Unicode normalization converts a string to a standard form so that strings with the same visual appearance and meaning compare as equal. The same accented character can be encoded as a single precomposed code point (NFC) or as a base character plus a combining diacritic (NFD). Normalization resolves this ambiguity before storage, comparison, or hashing.
What is the difference between NFC and NFD?
NFC (Canonical Decomposition followed by Canonical Composition) produces the shortest canonical representation — precomposed characters wherever a precomposed form exists. NFD (Canonical Decomposition) decomposes all precomposed characters into base letter plus combining marks. The string 'é' is a single code point in NFC (U+00E9) and two code points in NFD (U+0065 + U+0301).
What is NFKC normalization?
NFKC (Compatibility Decomposition followed by Canonical Composition) additionally folds compatibility variants: the ligature fi (U+FB01) becomes 'fi', the superscript ² (U+00B2) becomes '2', the fullwidth A (U+FF21) becomes 'A'. NFKC is the recommended form for identifiers, search indexing, and cases where visual equivalence matters more than exact code-point preservation.

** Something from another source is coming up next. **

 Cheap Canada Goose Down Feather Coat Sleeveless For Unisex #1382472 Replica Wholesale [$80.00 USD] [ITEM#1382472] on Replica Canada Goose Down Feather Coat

Why does Unicode normalization matter for databases?
Without normalization, two visually identical strings can produce different database entries and fail equality checks. A user named 'José' whose name is stored in NFD will not match a lookup for 'José' stored in NFC, even though they look identical on screen. Always normalize to NFC before inserting into a database, and normalize queries to the same form.
How do I normalize Unicode in Python?
Use unicodedata.normalize(form, string) where form is 'NFC', 'NFD', 'NFKC', or 'NFKD'. Example: import unicodedata; normalized = unicodedata.normalize('NFC', 'café'). The function is available in the standard library — no third-party packages needed.